Thomas Paine described the Constitution as “not a thing in name only; but in fact . . . . It is the body of elements, to which you can refer, and quote article by article; and which contains . . . every thing that relates to the complete organization of a civil government, and the principles on which it shall act, and by which it shall be bound.” Paine, Rights of Man, Foner, ed., Writings of Paine, I, 278.
James Wilson stated that the people’s grant of power to government was “the important distinction so well understood in America, between a Constitution established by the people and unalterable by the government, and a law established by the government and alterable by the government.” Wilson, “Lectures on Law,” Wilson, ed., Works of Wilson, I, 417-18; The Federalist, No. 53.

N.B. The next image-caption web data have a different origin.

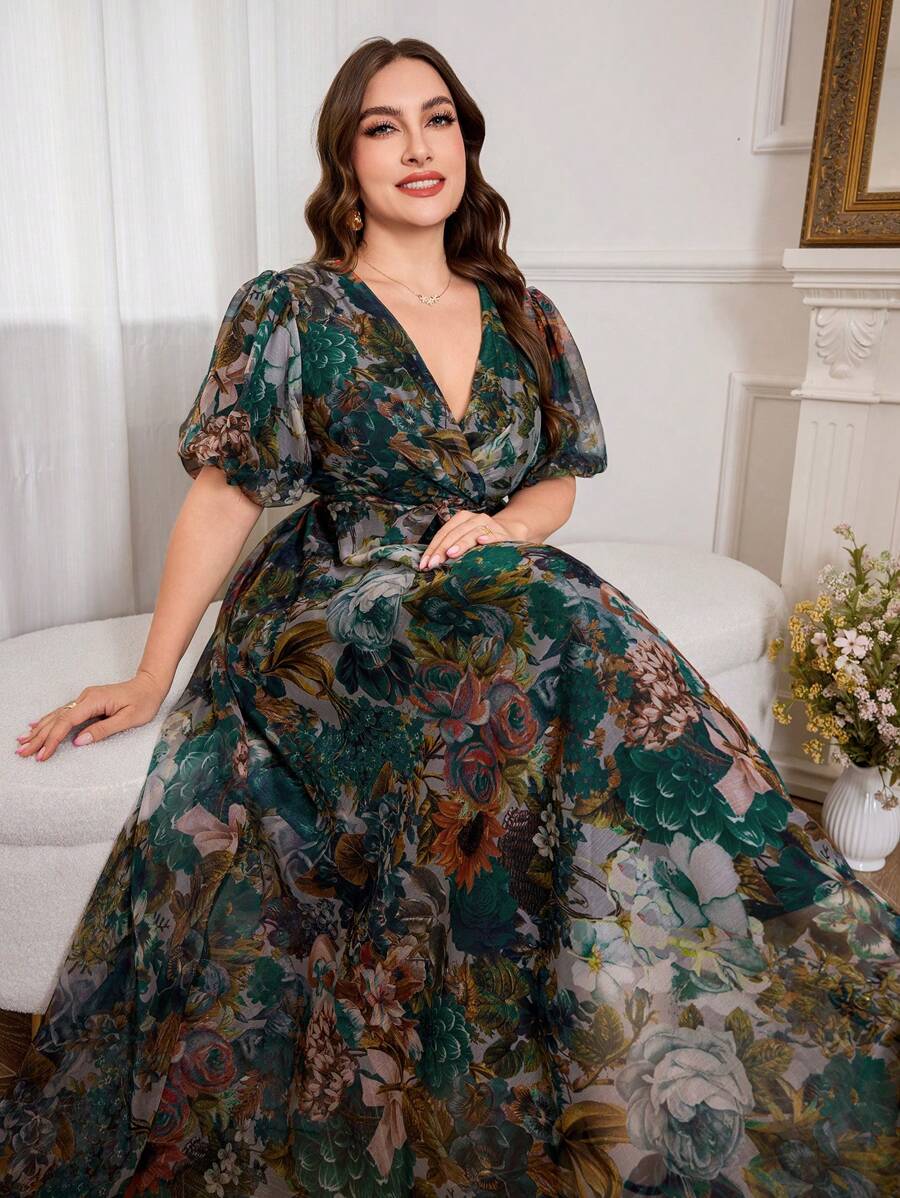 Modelyn New Luxury Elegant Oversized Floral Print Long V-Neck Short Sleeve Dress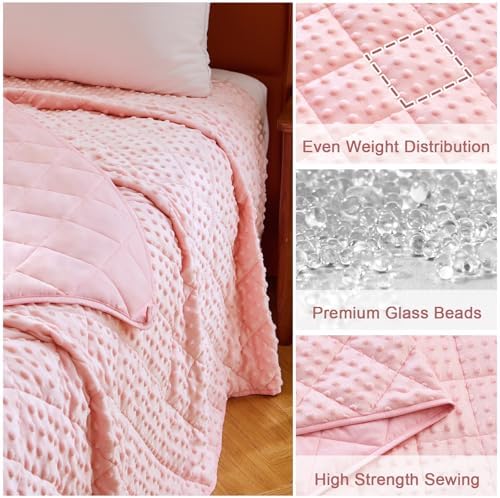 Pink Weighted Blanket for Adults 20lbs, 48"x72", Twin Full Size Cooling Minky Heavy Throw Blanket for 180-220lbs, Soft Winter Thick Big Blankets Weighted Comforter - Image 6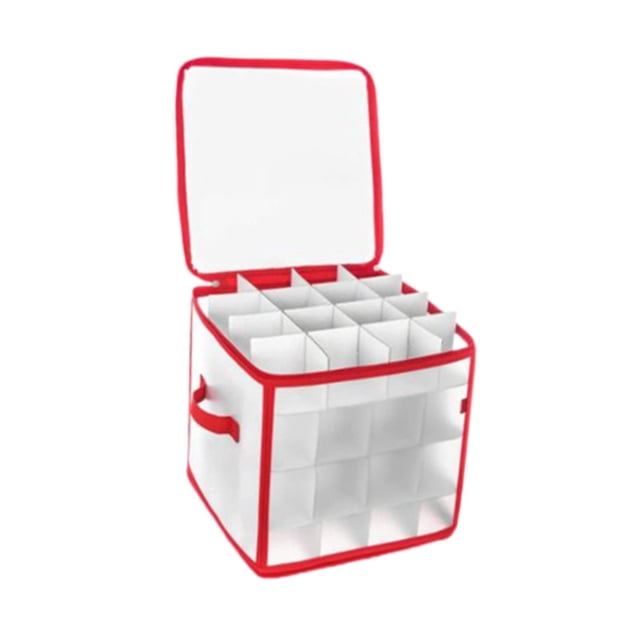 pitrice PP Plastic Folding Christmas Ornament Storage Box With Adjustable Dividers Easy To Store And Stackable For Savings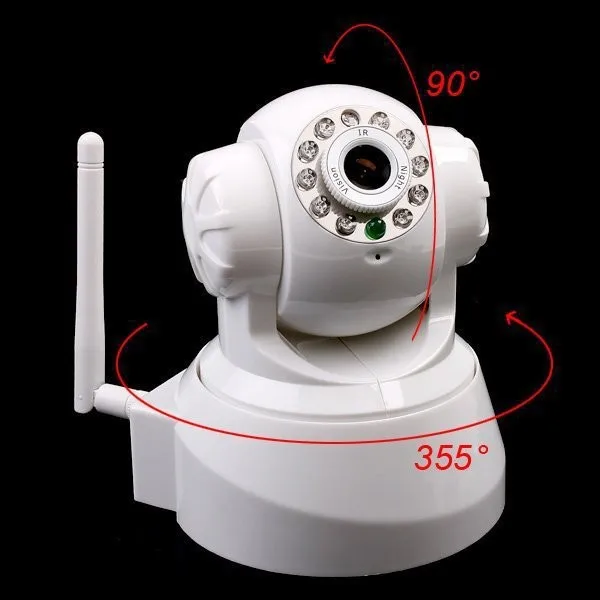 

White Night Vision 720P 1.0 MegaPixel/MP IR Webcam Web CCTV Camera WiFi Wireless IP Camera Pan Tilt , P2P,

James Madison stated that in the United States, “a constitution had become . . . a charter of power granted by liberty rather than, as in Europe, a charter of liberty granted by power.” Gordon Wood, The Creation of the American Republic: 1776-1787, 601 citing Madison, Phila. National Gazette, Jan. 19, 1792, Hunt, ed., Writings of Madison, VI, 83-85.
Thomas Paine explained that Magna Carta and the English Bill of Rights were not constitutions, by this definition, but rather “they did not create and give powers to Government in the manner a constitution does.” Paine, Rights of Man, Foner, ed., Writings of Paine, I, 382-88, 379.
Nathaniel Chipman observed that: “Writers on government have been anxious on the part of the people to discover a consideration given for the right of protection . . . . While government was supposed to depend on a compact, not between the individuals of a people, but between the people and the rulers, this was a point of great consequence.” Chipman, Principles of Government, 110-11. In America, the compact was only among the people of the country, not between the people and the rulers, as was conventionally conceived.
In short, “the rulers had become the ruled and the ruled the rulers.” Gordon Wood, The Creation of the American Republic: 1776-1787, 602. This rethinking of the social compact that had come to be so pervasive in governing was a groundbreaking revelation. No longer would Americans agree on an individual basis with the government that so long as the government acted properly, the individual would permit the government to continue. Instead, Americans agreed amongst themselves that the government would continue.
This inevitably created a camaraderie amongst Americans. No longer would a government pass for dividing up the country, hoping to preclude any collective action in revolt. Rather, Americans, as a whole, would raise questions about government. Most of all, Americans were empowering themselves, always ensuring that if the government was no longer desirable, they would take it back.